As a result, we’re making some changes to the way we work—and we want you to be a part of them.

A List Apart on GitHub#section1

We dipped our collective toes in the GitHub waters when we open-sourced our embeddable comments script last year. We’ve got much bigger things underway now: we’re open-sourcing the code that powers alistapart.com itself.

Now, our goal isn’t to put you to work slinging code and fixing bugs. Contributing to an open-source project can be tough, and it can take time to get the hang of things. We want to help with that. If you’re inexperienced with GitHub, our goal is to provide you with a great place to send your first-ever pull requests—to help you get comfortable contributing to a large open-source effort, participating in issue threads, and reviewing code.

By joining our conversations as we weigh the pros and cons of certain approaches, you’ll be better armed to make the same decisions on your own projects. If you’re already well-versed in the ways of GitHub we’d love to have your eyes on how we’re doing things, and your help building a welcoming, low-pressure place to learn the ins and outs of contributing to an open-source project. Working alongside you will help us focus on the topics that matter most to you, and—of course—we’ll be publishing the lessons we learn along the way.

Things may look a bit sparse for the time being. We’re currently using ExpressionEngine, which makes it tricky to clone the repo and run the site locally—at least, with this first incarnation. We’re exploring ways to make that better.

We’ll be doing all our development out in the open, with a “dev” version of the site that directly mirrors the development branch of the site, at dev.alistapart.com. You might even find the occasional mistake on the dev site—out in the open, where we can all learn something from it.

But code isn’t the only thing we hope you’ll contribute to ALA.

Let’s write something together#section2

A List Apart has grown up a lot over the years; the site is sleek and refined, and boasts some of the finest editors you’re apt to find on the web (not including me, of course).

That can be intimidating, though. I know that all too well—it wasn’t long ago that I sent in a nervous “I have an idea for an article” email myself. This nervousness on the part of would-be authors is something we’ve thought about for a while now, because what makes ALA great is the mix of new voices and viewpoints alongside some of the biggest names in the industry.

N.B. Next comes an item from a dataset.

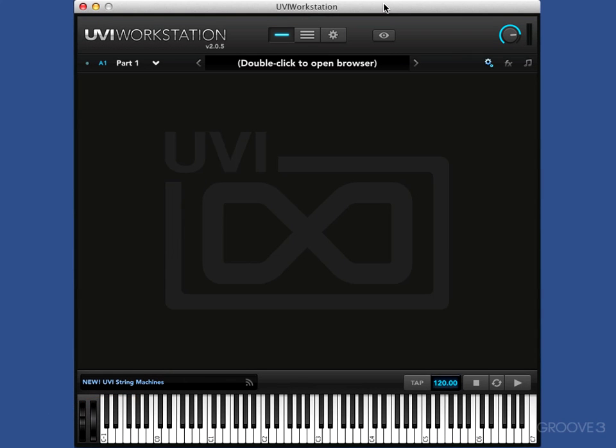Hi, my name is Russ, and I'm going to take you on a journey of a jumpstart with the UVI Workstation. In about an hour, we're going to go from nothing to you being equipped to be able to get around it very quickly and make great music with it.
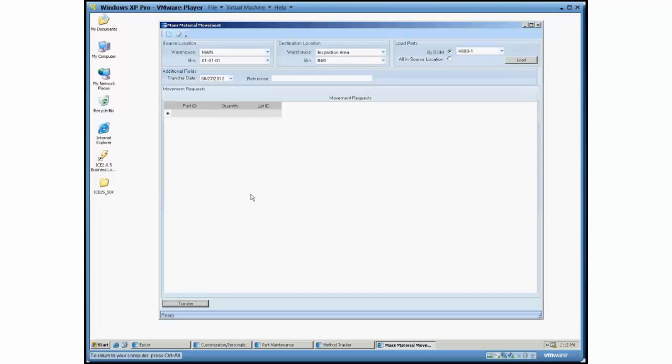So that's the mass material movement. Again, it's a fairly simple screen, but if it's something that you regularly transfer a fair amount of parts at once, it might save you a fair amount of time. So thanks for watching.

Better explaining how to write for us was a good first step, but it still relies on you sending an “I have an idea” email into the ether—easily the most nerve-wracking step in the process. We want to smooth out that step by working with you even before any writing starts.

Let me introduce our acquisition scouts: Garann Means, Tim Smith, and Yesenia Perez-Cruz. Their role is to act as a sounding board for your ideas. No formal process, no tense emails—just say “hi” on Twitter and let them know what you’ve been thinking about writing. They’ll help you think through your ideas and get you pointed in the right direction.

Now, ideas are the easy part—writing is tough. But if you have the start of something amazing, the scouts and editors will be here to help you along, from initial outline to final draft. In fact, we believe so strongly that everyone can and should write that we’ve devoted half this issue to breaking down the writing process and showing you how to get started.

It’s hard work, but I speak for everyone here when I say that you—you reading this, right now—have something important to offer this industry. You have techniques, experiences, and approaches that are unique to you—things that all our readers can learn from. The scouts are here to help you find your topic, and our team of editors is ready to help you shape your idea into an article you can be tremendously proud of.

This is going to be an exciting year for A List Apart, and we can’t do it without you. Together, we’ll build something great.

18 Reader Comments

  1. As someone who wrote their first piece on ALA this past year, I can say for sure that it’s not as scary as you may think it is.

    Sure, you’ll be nervous to get the process started, but it’s exciting to see the article come together, and it’s even more exciting to have your writing out in the wild.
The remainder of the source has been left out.